Lucas me manda la foto de su parque favorito, des Buttes-Chaumont, París. Y mientras contemplo la banca en la que no me he sentado aún, y la bruma del invierno sobre los árboles, cuyo frío no me alcanza, siento una felicidad inédita.

Me llegan muchos mensajes, en especial de mujeres, principalmente de madres, que me preguntan si he llorado por Lucas, al saberlo en otro Continente a sus escasos 17 años, que acaban de convertirse en 18 años.

Y la respuesta es “no he llorado ni por un segundo”. Soy absolutamente feliz de saber que vive su sueño. De ver su disciplina, valentía, determinación y pasión por el conocimiento.

Dice que está siendo formado por sus maestros para ser preciso con el lenguaje, para hablar solo de lo que se sabe, para evitar la tendencia a encubrir la falta de conocimiento con palabrerías sin sentido, rodeos y divagaciones efectistas. Cuánta falta le hace ese simple principio a este mundo.

Creo que hay mucho silencio sobre lo que significa ser madre. No se dice una parte de la verdad: que es muy exigente en energía, fuerza, dinero, tiempo, cuerpo y mente.

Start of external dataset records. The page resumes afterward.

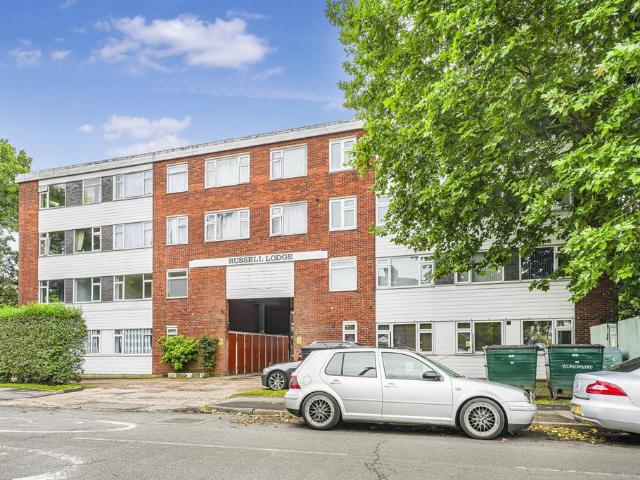 Flat for sale in London Borough of Waltham Forest, Greater London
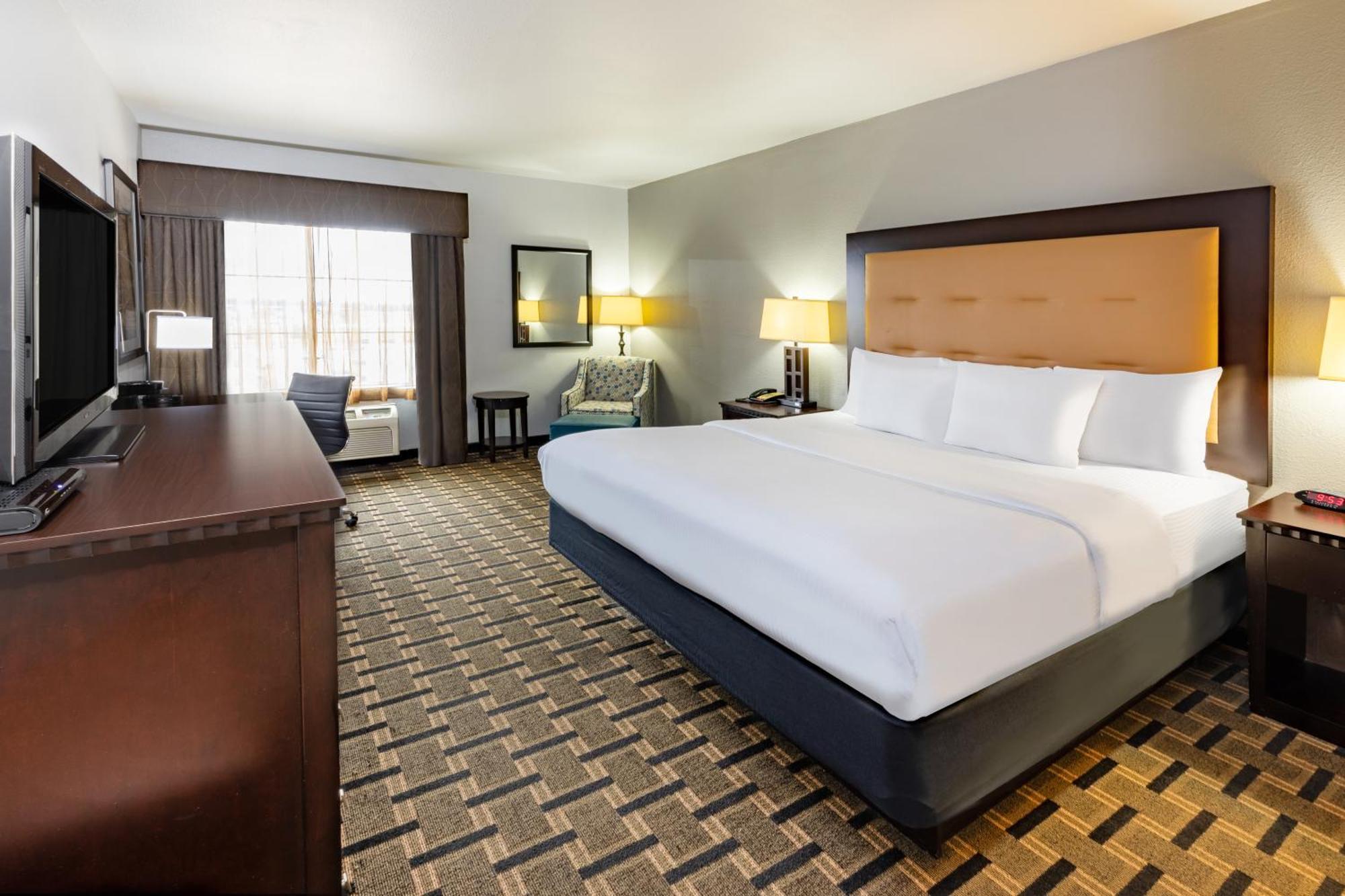 La Quinta By Wyndham Mt. Pleasant Hotel Mount Pleasant Екстериор снимка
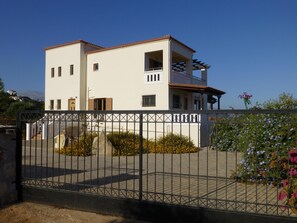 Entrance to Villa Havana. 
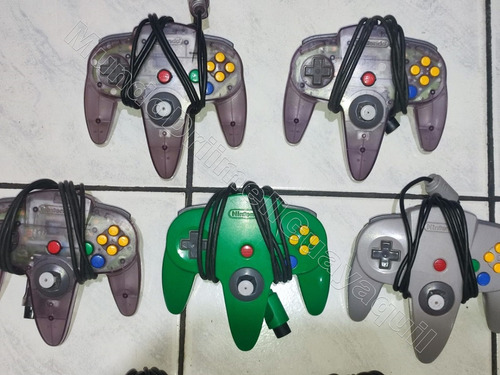 Imagen 2 de 3 de Nintendo 64 Control Original Ediciones Especiales (leer Des)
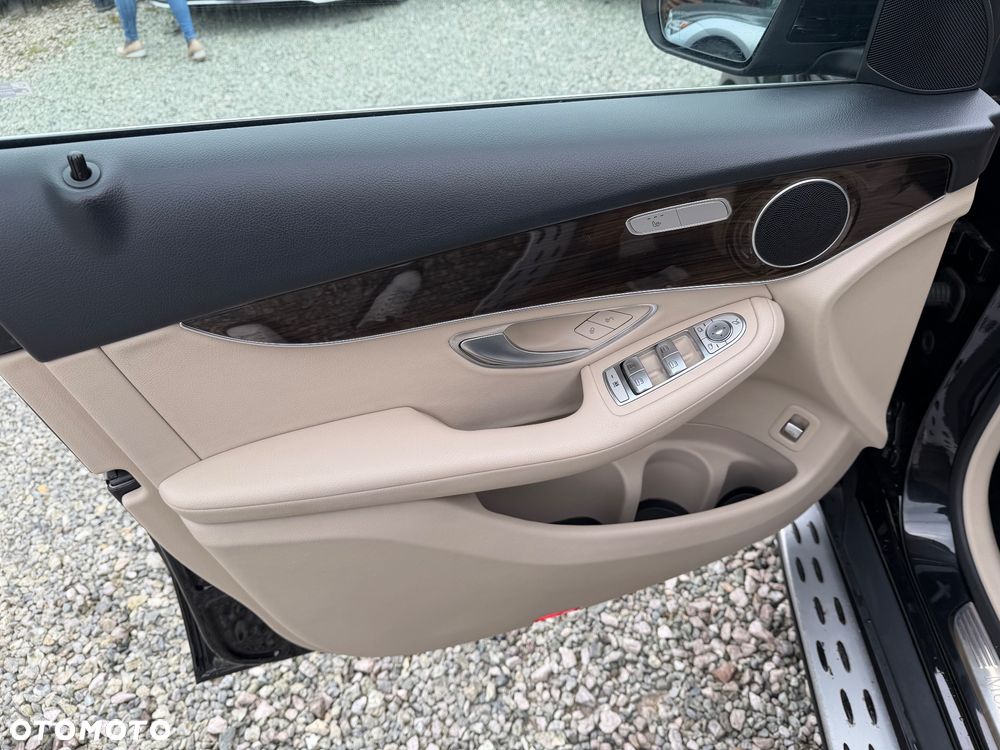 Mercedes-Benz GLC 200 d Business Edition - 28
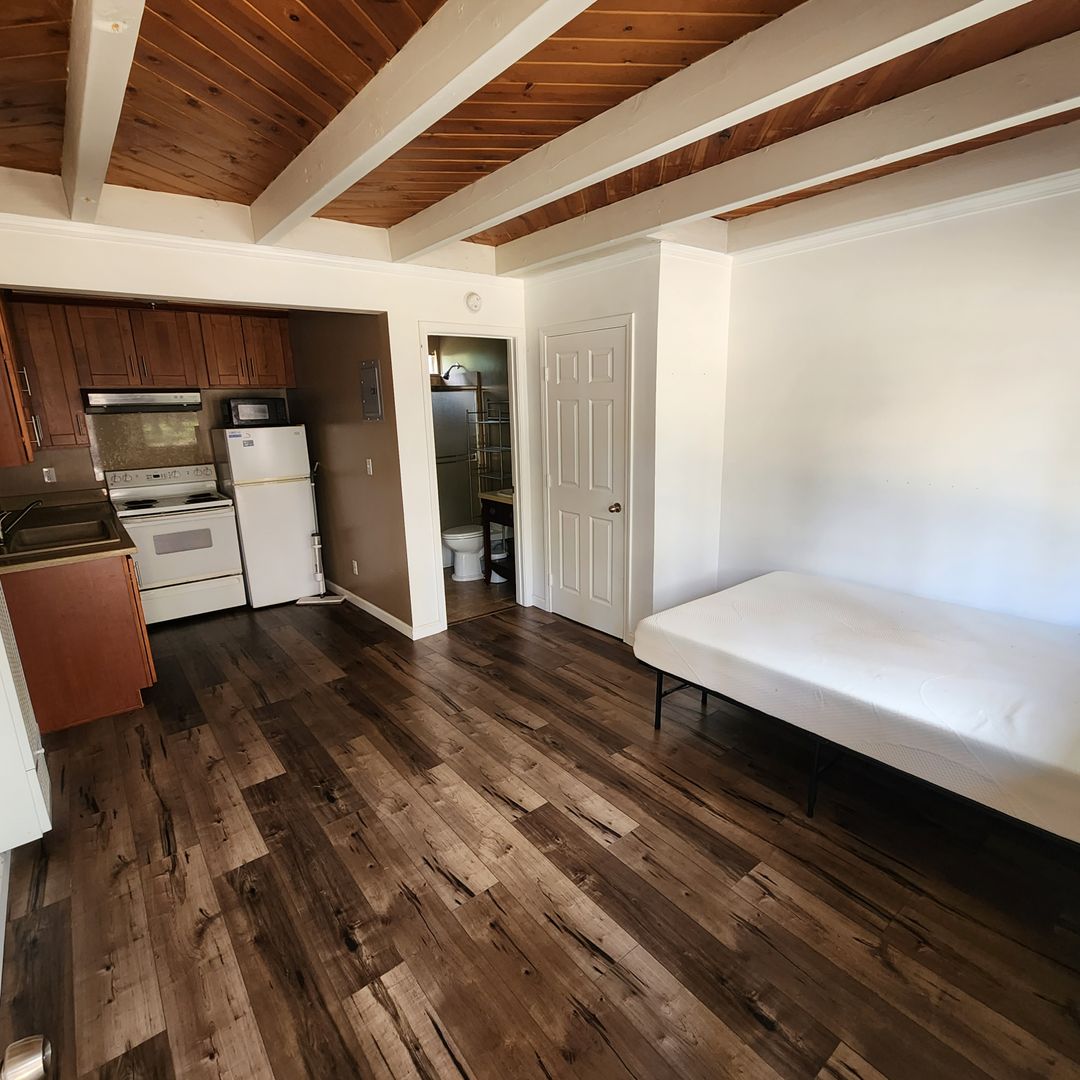 South Lake Tahoe Apartment: 1133 Bonanza Ave
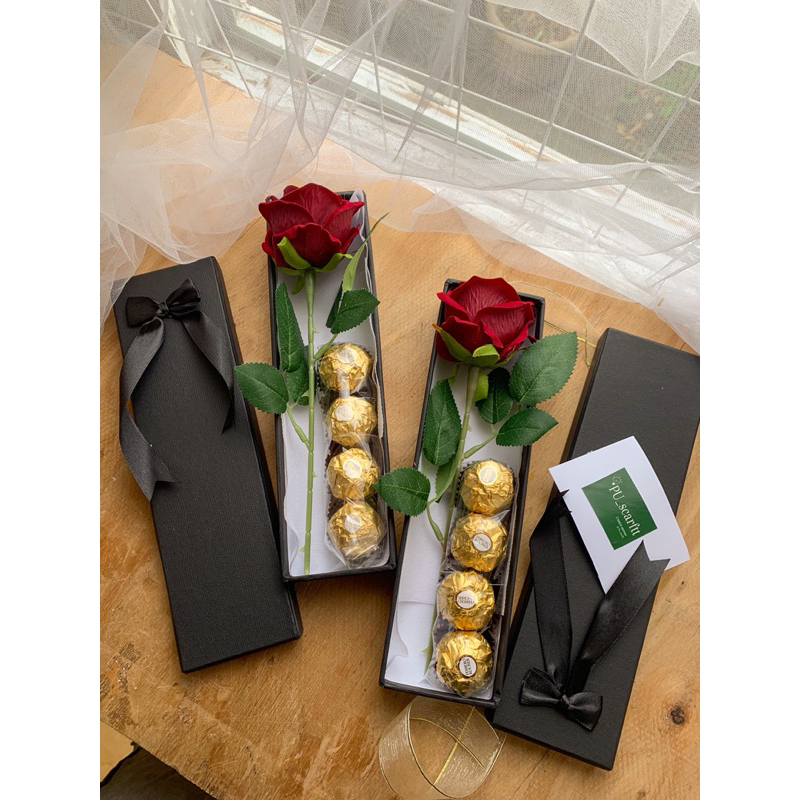 

gift box sweet by pu_scarftt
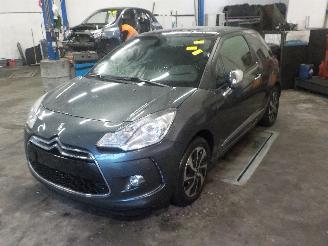 Citroën DS3 DS3 (SA) Hatchback 1.6 e-HDi (DV6DTED(9HP)) [68kW]  (11-2009/07-2015) picture 2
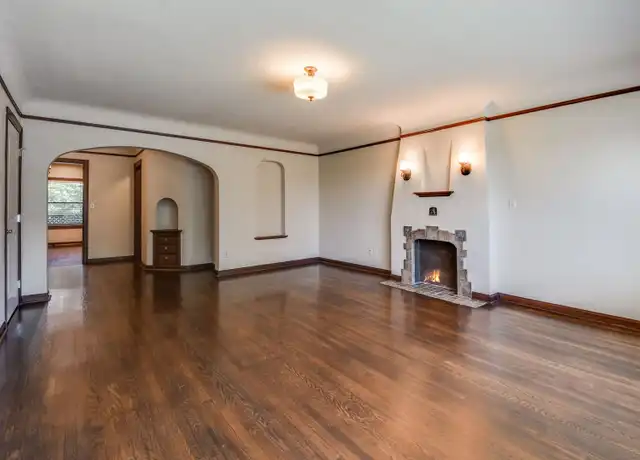 Property at 18 Galer St #302, Seattle, WA, 98109, 1 bed, 1 bath, [object Object]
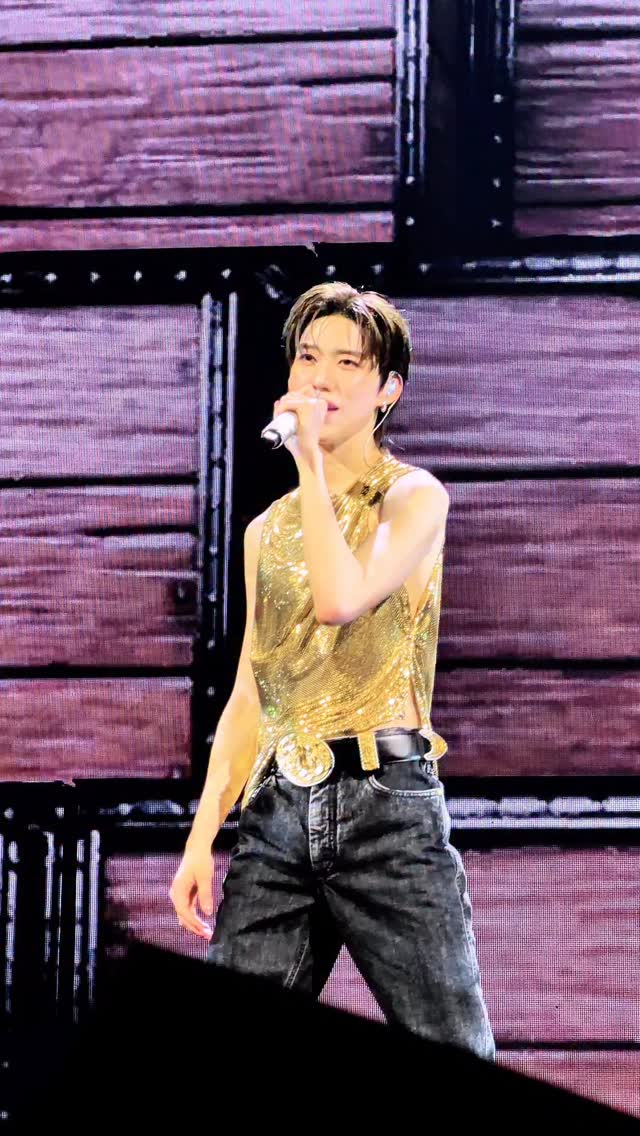 ยิ่งดุแบบนี้ จะชอบไหม 🫣✨

#PPKritMyPleasureConcertAfterglow
#PPKritMyPleasureConcert 
#PPKritt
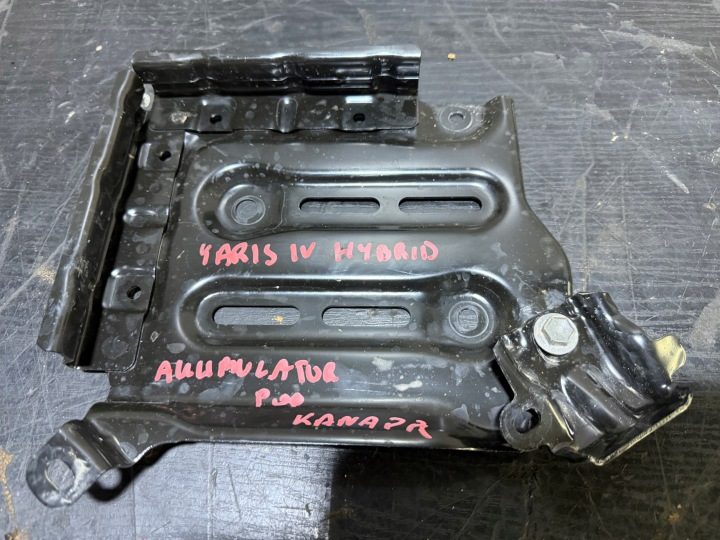 Toyota Yaris IV 4 Mazda 2 XP210 1.5 площадка аккумулятора гибрид кронштейн, фото 3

La otra parte de la verdad no es algo idealizado y edulcorado, no es algo romantizado ni cursi, sino esto tan egoísta que voy a decir: sin Lucas quizá yo no habría experimentado lo que se siente amar a alguien tanto que su felicidad sea la tuya, sus logros los tuyos, sus dolores los tuyos, su realización la tuya.

Yo no habría experimentado el amor incondicional, no de sacrificio sino de absoluto desapego, libertad, apertura y universalidad.

Yo no habría experimentado un tipo de lazo tan irrompible que ni la vida y la muerte lo acaban, ni la distancia se siente jamás como distancia, sino amplitud total del universo que cabe en un cordón invisible, que me lleva a esta foto, de un parque que no conozco, de una banca en la que no me he sentado y de un invierno que no me hiela los huesos, pero que solo por ser el favorito suyo es también el favorito mío.

Quienes conocen ese tipo de amor, entenderán de qué hablo.